Last updated a year ago
Operators and Designers need reliable, decentralised connections and better data to understand and optimise individual&overall performance.
The well-known TopologyUpdater API has been running for a long time. BlockPerformance API/metrics can usefully and valuably supplement this.
This is the total amount allocated to Pool Topology and Block Propagation.
TopologyUpdater is an existing API solution that has been repeatedly adapted and improved since the mainnet launch in the summer of 2020 to cope with the increasing number of participating relay nodes. Currently there are 2700 nodes in the mainnet and about 150 in the testnet using TU. Originally intended as a short-term transitional solution for the P2P module, it provides each participating node with 10-20 working peer connections distributed from very near to far around the globe. Old nodes are sorted out by automated quality tests within an hour. Participation is generally free and permissionless. Currently, this creates about 40,000 inter-peer connections for a significantly more decentralised acting Cardano network, supplementing the (few) connections manually configured by SPOs and the star-topology relays provided by IOG. Every day, the TopologyUpdater servers handle about 80,000 requests. Part of this proposal covers the duration of this service for another 12 months.
A second part of this project is yet to come as an additional API service, and will take care of measuring the individual block propagation times in the Cardano network. The realtime aggregation of this data will provide an exceptional overview and comparison. The resulting insights into individual and general optimisation possibilities of the network are very promising. Participating operators can compare the performance of their nodes (topology, network, CPU, configuration) with the average and the best in the entire network. Errors such as unnecessary/incorrect delays in the generation and distribution of blocks from certain pools can be identified and thus addressed quickly and concretely.
The data collected will also be made available for fundamental optimisation projects (research and engineering and application developement) with the aim of significantly increasing the transaction throughput and net capacity of the Cardano Blockchain. The proposal includes the costs for setting up and operating this service for one year.
The TopologyUpdater has been used since 2020 with a steadily increasing number of relays.
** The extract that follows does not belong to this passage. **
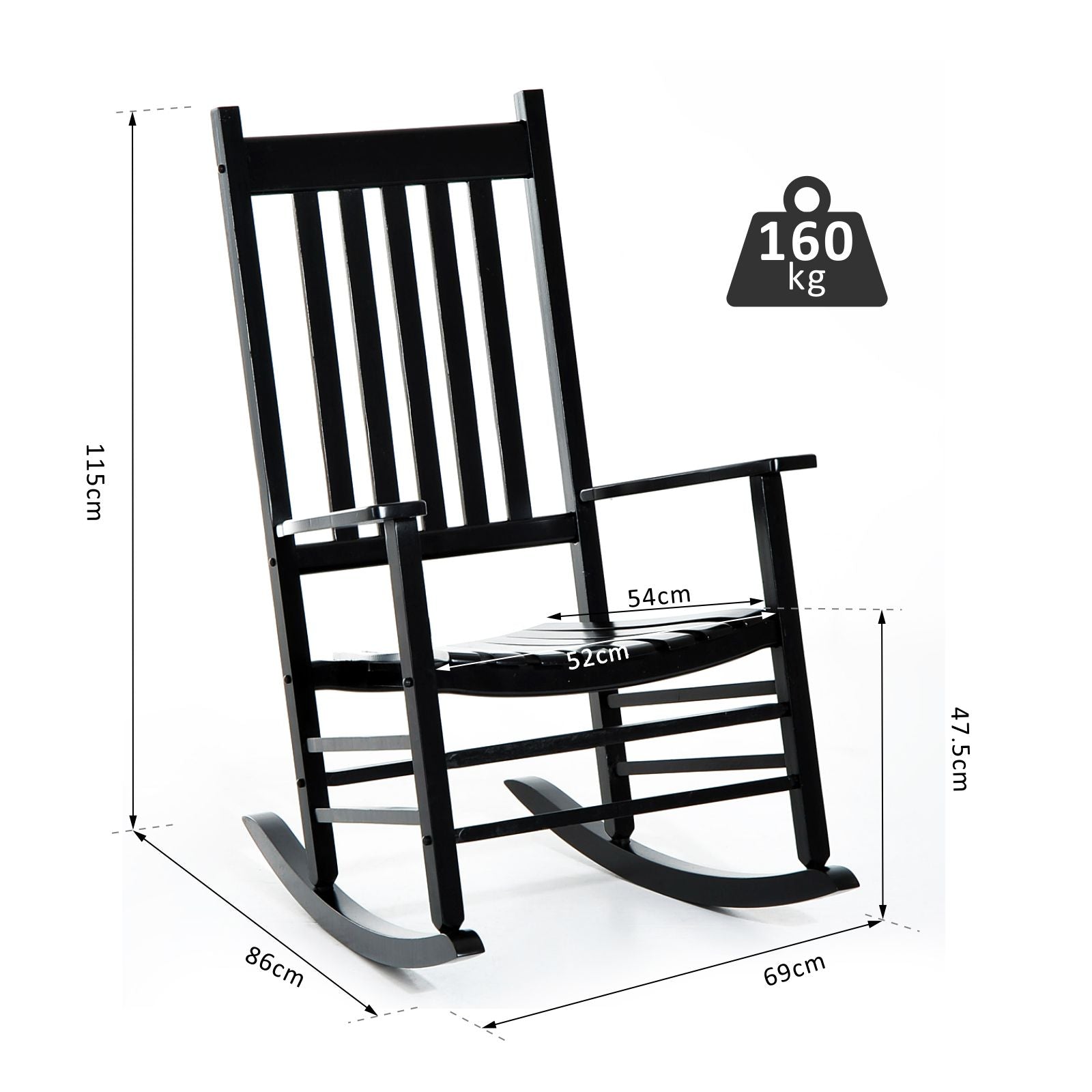 Outsunny Wooden Rocking Chair: Patio Rocker Armchair for Outdoor Seating, Black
This number should be maintained in line with the development of the network or continue to grow, at least until the P2P module can take over this task.
The new BlockPerformance API and Dashboard to be developed is currently in the status of a preliminary study. (see illustrated graphic https://cardano.ideascale.com/userimages/accounts/93/936143/panel_upload_48088/TUBlockPerf_dashboard-2ce138.png)
As with the TopologyUpdater, an open source script is to be made available to every SPO free of charge, with which they can easily and reliably enter the timing data of their relays. By participating, the SPO will have free access to the data and findings. The visualization Dashboard will provide web-based interactive gantt timeline diagramms with filtering and sorting functions as well as detailed popup information for each reported blocks propagation progress and time. There will be violin-plot graphs presenting the individual relays performance ranges, to be compared with the network average and best performing relays in each category. Additional graphs and statistics over time will be created and also provided to the public and for other ecosystem members for further analysis, interpretation and use-cases such as application planning and design.
We are aiming for at least 150 participating nodes for the BlockPerf tool, but are designing the system so that 1500 nodes can also participate if there is interest.
The main goal is not to increase the number of relay nodes, but to support the ongoing improvements, quality control and performance tunings. Operators and Application designers should be able to use these graphs, reports and data to form, prove or change their opinion on future topics and discussions.
The collection of data must be done reliably without affecting the basic function and performance of the relays (low memory and CPU usage, no block propagation delays). The data must be made available in agregated, summarised and anonymised form without exposing individual nodes network connections, setups and behaviour. The aim is to develop comprehensible representations that summarise the large amounts of data in a clear and insightful way.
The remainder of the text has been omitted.